French photographer Estelle Hanania sets the tone for her publishing house Myriorama's program, inaugurated with the singular work discovered in the shopping cart of Mrs. N., an artist on the margins who, at 78, sells her drawings on the sidewalks of Paris's southern suburbs on market days.
"When we visit Hélène, the radio is often on. She tells us about the images that live inside her, and the life that's passed. She speaks of the world she lives in. Hélène has many friends, but many are gone. She tells us about the cafés in the Paris suburbs where she used to go at night to sell her drawings, and the classes she used to audit at the École des Beaux-Arts. She tells us about her husband, who could sit watching films until dawn; about strawberry jam, risen pizza dough, oregano, the big white beans her mother served, spicy salt cod, polenta with civet, and what it was like to grow up in a town that changed its name more than once. She tells us about the boats on the shores of Algeria and the people weeping in them, the sound of grenades at night, the girls with banana chignons and flat shoes she'd see smoking in their aunt's garden—right below her balcony."

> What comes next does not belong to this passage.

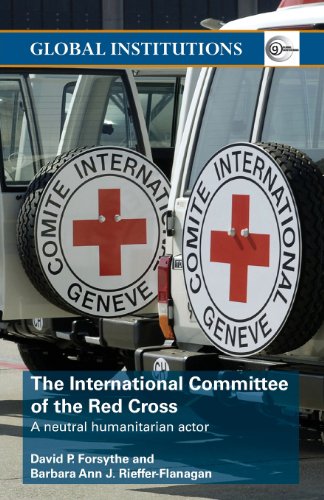 Beispielbild fr The International Committee of the Red Cross: A Neutral Humanitarian Actor (Global Institutions) zum Verkauf von WorldofBooks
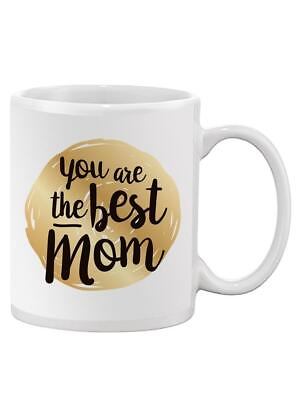 #ad You Are The Best Mom Mug Unisex#x27;s Image by Shutterstock $24.99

Extract from "The Green Gaze" by Laure Fernandez
Hélène N. was born in 1947 in Skikda (formerly Philippeville), Algeria, to Sicilian and French parents. She moved to France at the age of fifteen, when her family settled in Palaiseau, a suburb southwest of Paris. Her early years were shaped by personal hardship, but also by a resilient life force and a passionate drive toward the arts. Despite limited means, she roamed museums and cinemas, and immersed herself in the world of music. In her late sixties, she began drawing women's faces—eventually creating an extraordinary number of portraits.What remains of this body of work—produced over the course of a decade—is a collection of around one hundred pieces, ranging from 24 × 32 cm sheets to small, irregularly cut fragments. Many were lost, discarded, or sold at markets and in cafés.